Dostęp do internetu jest ważnym kryterium wyboru bazy noclegowej już dla co piątego polskiego turysty. Okazuje się jednak, że w niektórych miejscach o takie udogodnienie niełatwo. I to, paradoksalnie, w większych miastach i w zachodnich krajach!

– W całej Europie odsetek obiektów wakacyjnych, które mają w swojej ofercie dostęp do internetu wynosi 65% – zauważa Marta Górska, project manager HomeToGo.pl, czyli wyszukiwarki noclegów, odpowiadającej za przygotowanie raportu o dostępie do sieci podczas wakacji. – Polska jest zdecydowanie wyżej w odniesieniu do średniej europejskiej, osiągając odsetek 82%, jednak wciąż brakuje nam wiele do pierwszego miejsca w rankingu. Liderzy mogą wydać się zaskakujący: prawie 100% ofert zakwaterowania w krajach takich, jak: Mołdawia, Białoruś czy Ukraina, deklaruje dostęp do internetu.  
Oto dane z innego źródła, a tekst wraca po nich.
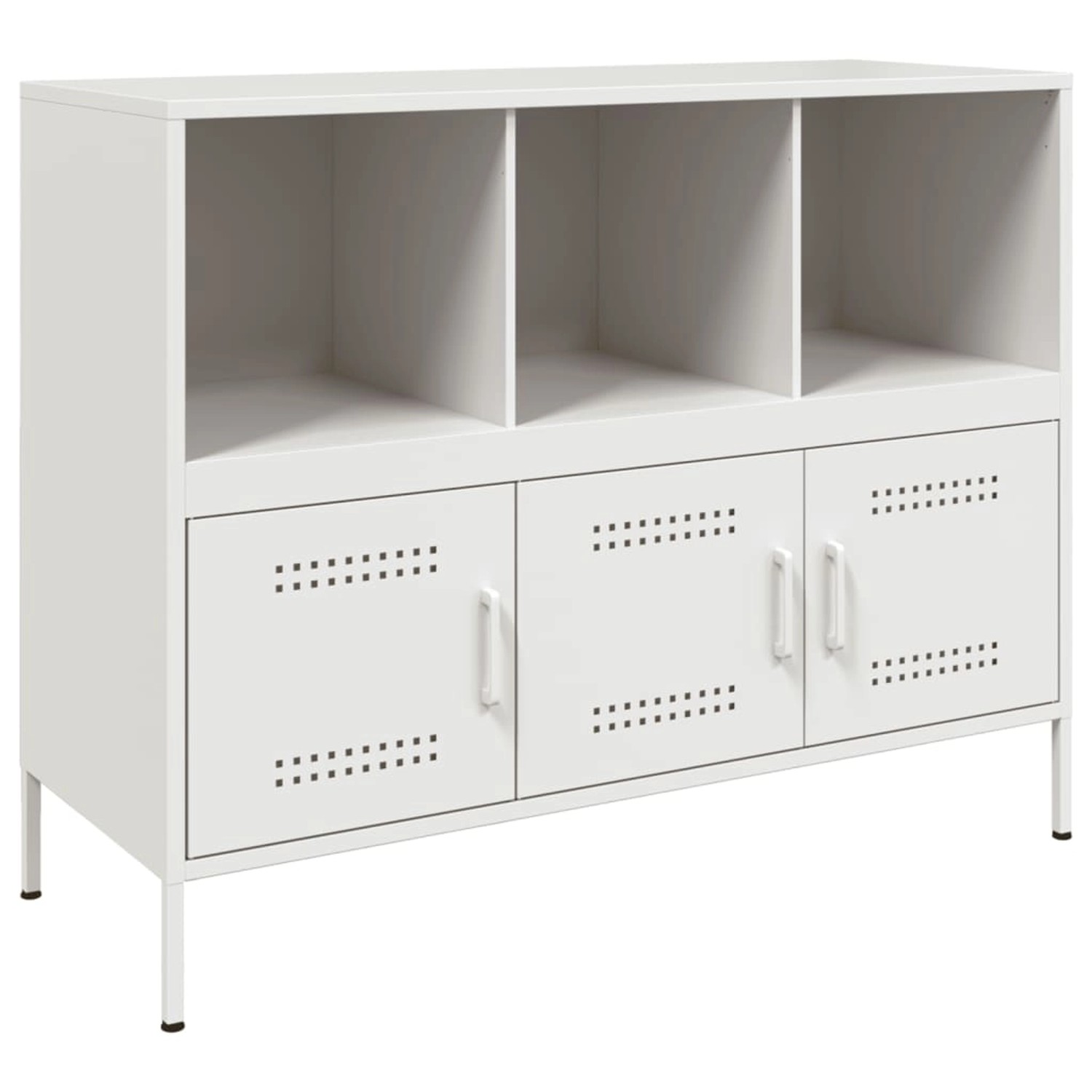 vidaXL Sideboard Weiß 100,5x39x79 cm Stahl 843095 günstig online kaufen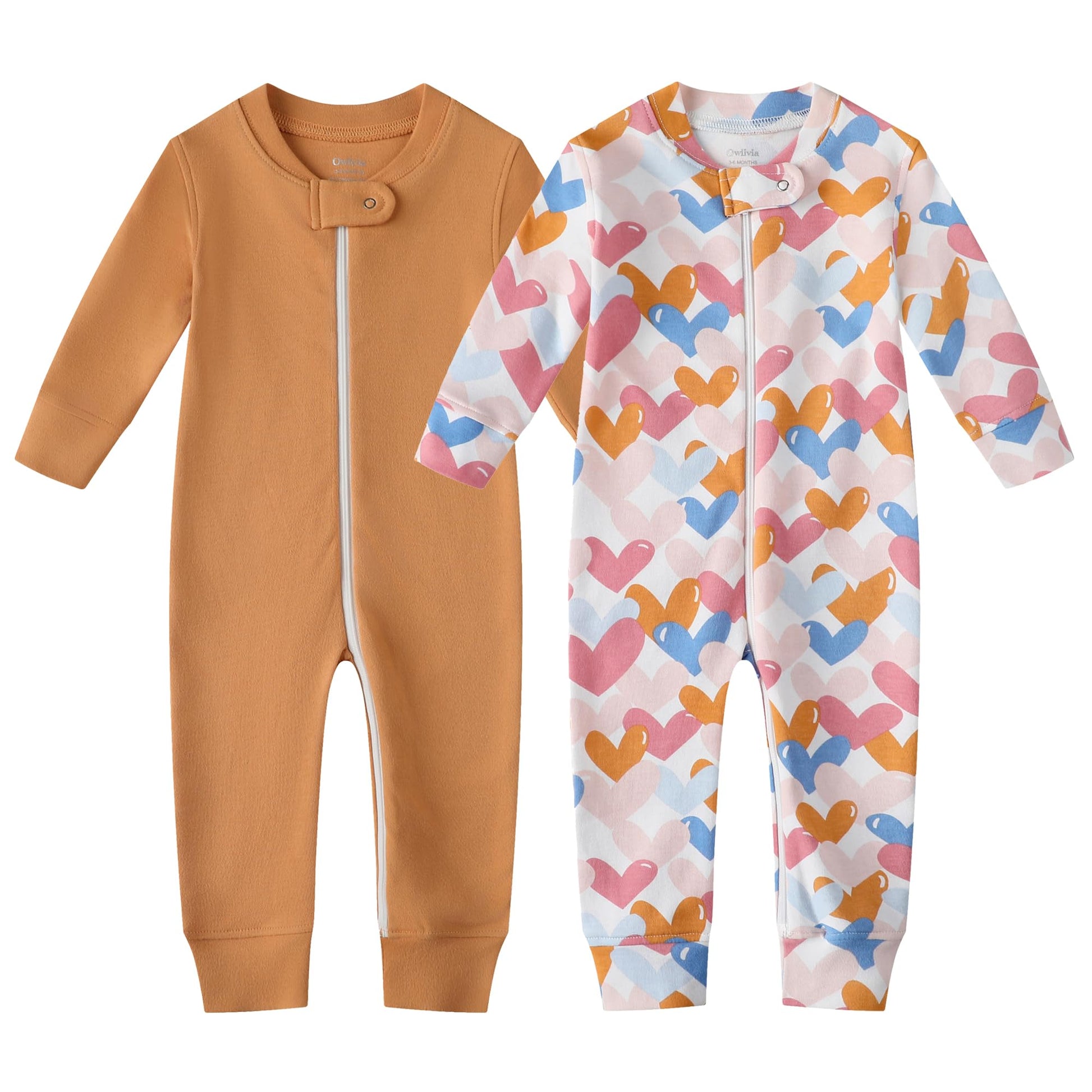 Owlivia Organic Cotton Baby Boy Girl Zip Up Sleep N Play, Footless, Long Sleeve(0-3 Months, Colorful Heart & Camel)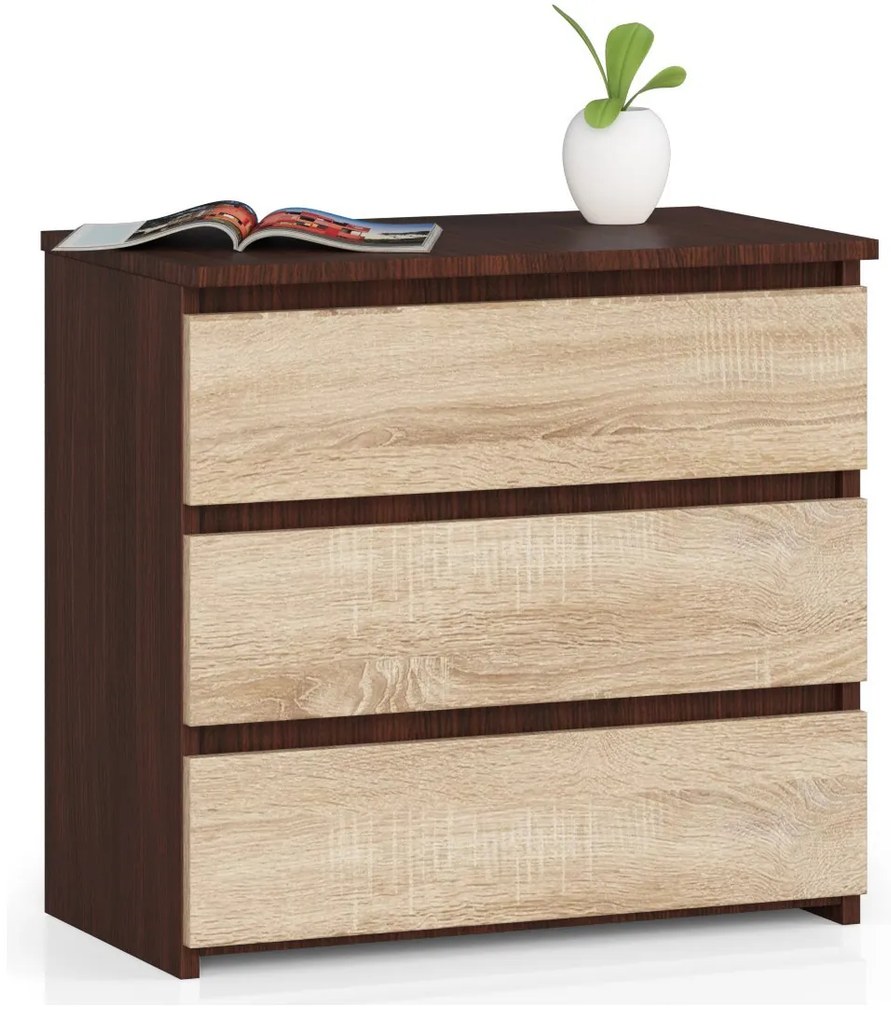 Comodă Cleania CL3 (wenge + Stejar sonoma). 1069380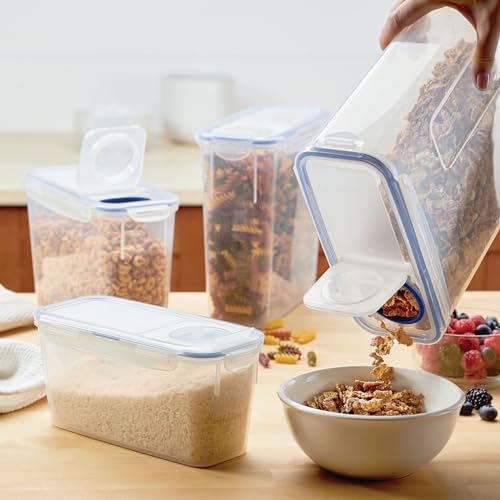 Image of LocknLock Easy Essentials Pantry Food Storage Container Set /Food Storage Bin Set, Rectangular, BPA-free /Dishwasher Safe, 4 Piece - Clear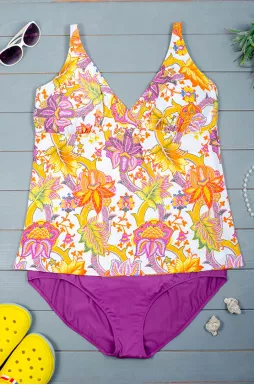 Яскравий купальник-танкіні великих розмірів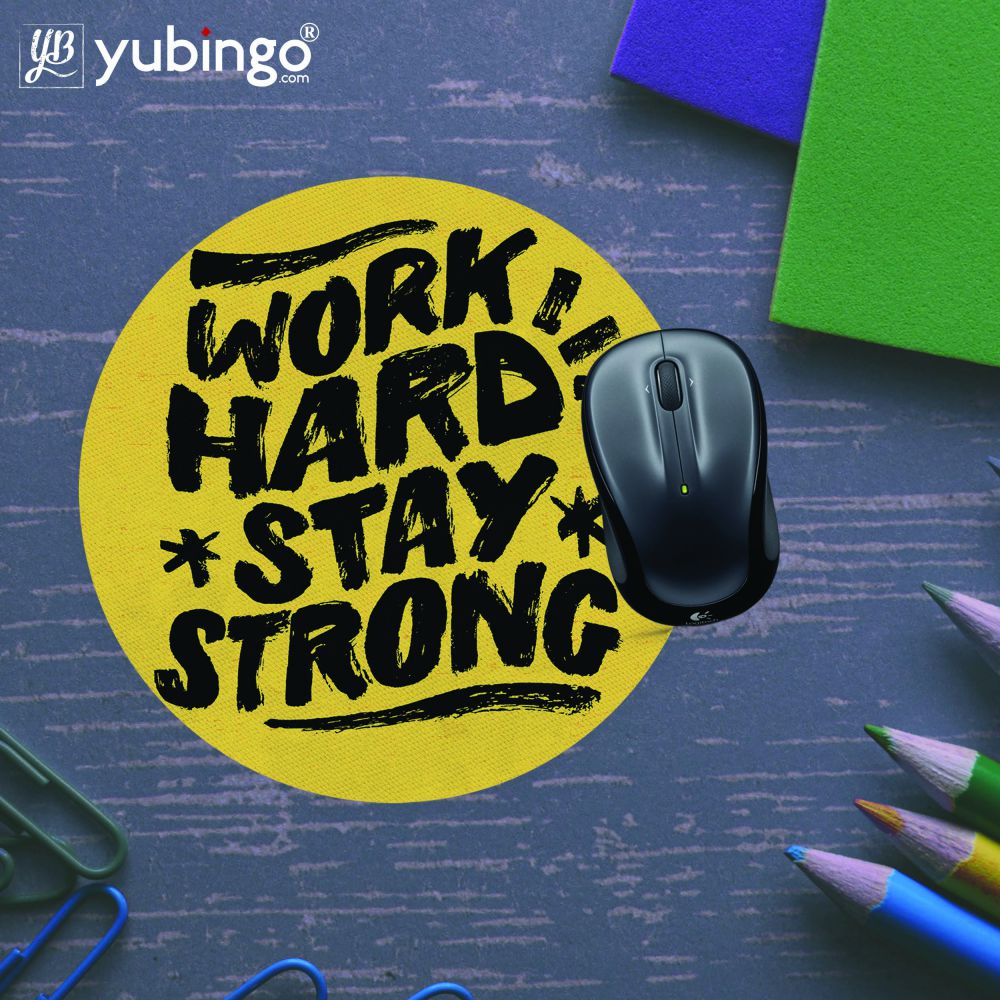 Work Hard Stay Strong Mouse Pad (Round)-Image5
Nocleg z Wi-Fi w stolicy? Może być problem

W Polsce regionami, w których nie powinno być problemu ze znalezieniem noclegu w miejscu, oferującym dostęp do sieci, są województwa Świętokrzyskie i Lubelskie. Aż 94% apartamentów i domków letniskowych ma to w ofercie. W 9 na 10 przypadków internet znajdziemy też w województwach: Kujawsko-Pomorskim, Łódzkim, Małopolskim i Dolnośląskim. Najmniej ofert noclegowych z dostępem do sieci, bo jedyne 65%, zapewnia województwo Zachodniopomorskie. 

Jeśli chodzi o większe polskie miasta, to najgorszy wynik uzyskała… Warszawa. Tylko 87% ofert ze stolicy, przejrzanych przez HomeToGo.pl, chwaliło się taką możliwością. Tylko nieco lepiej jest w Krakowie, Gdańsku, Wrocławiu czy Poznaniu – internet znajdziemy tam średnio w 4 na 5 ofert wynajmu krótkoterminowego. Natomiast najwyżej w zestawieniu znalazły się… Lublin i Bydgoszcz! Aż 95% ofert posiada zapis o możliwości skorzystania z Wi-Fi. 

Pixabay/Pexels/public domain | Źródło: Pixabay

Internet w Skandynawii? Wcale nie dla każdego

Przyglądanie się ofertom zagranicznym również niesie za sobą niemałe zaskoczenie. Oto bowiem niemal 100% ofert zakwaterowania na Białorusi, Ukrainie czy w Mołdawii dostęp do internetu. W Holandii, Rosji, Rumunii, Słowenii i krajach bałkańskich, takich jak Macedonia czy Serbia, taką ofertę posiada od 80 do 90% apartamentów i innych lokali noclegowych. Tymczasem w Szwecji i Finlandii Wi-Fi oferowane jest tylko w 45-47% miejsc, zaś w Danii i Norwegii - w co drugim domku lub apartamencie. 

Pixabay/Free-Photos/public domain | Źródło: Pixabay

Najwięcej ofert noclegowych z dostępem do sieci znajdziemy w Rydze, Belgradzie, Tallinie, Kijowie czy Moskwie. W 9 na 10 ogłoszeniach trafimy na internet w Wiedniu, Budapeszcie, Wilnie, Zagrzebiu, Reykjavíku czy Mińsku. W Londynie, Barcelonie, Mediolanie, Paryżu, Amsterdamie czy Rzymie – już tylko w 80% domków i apartamentów. Najmniejszą szansę na skorzystanie z Wi-Fi w wynajmowanym lokum mamy w Bratysławie. Tam taką możliwość deklaruje tylko co drugi wynajmujący. 

Skąd tak słabe wyniki najpopularniejszych destynacji? – Musimy pamiętać, że dla osób wybierających typowo wakacyjny kierunek, jak Barcelona czy Gdańsk, ważniejsze są inne czynniki zakwaterowania, takie jak np. dostęp do miejskich atrakcji czy morza. Lokalizacje, które mają mniejszy potencjał turystyczny, chcą zapewnić potencjalnemu turyście najwyższy standard, tym samym zachęcając go do skorzystania z dopracowanej oferty noclegowej. Stąd też starania, żeby w takich miejscach Wi-Fi było standardem – tłumaczy Marta Górska.


Badanie oparte zostało na dostępności internetu w 1,3 mln domów i apartamentów wakacyjnych w całej Europie, dostępnych za pośrednictwem porównywarki HomeToGo w latach 2016-2017. Wynik uzyskano przez podzielenie liczby domków połączonych z siecią, przez ich całkowitą liczbę w danym kraju.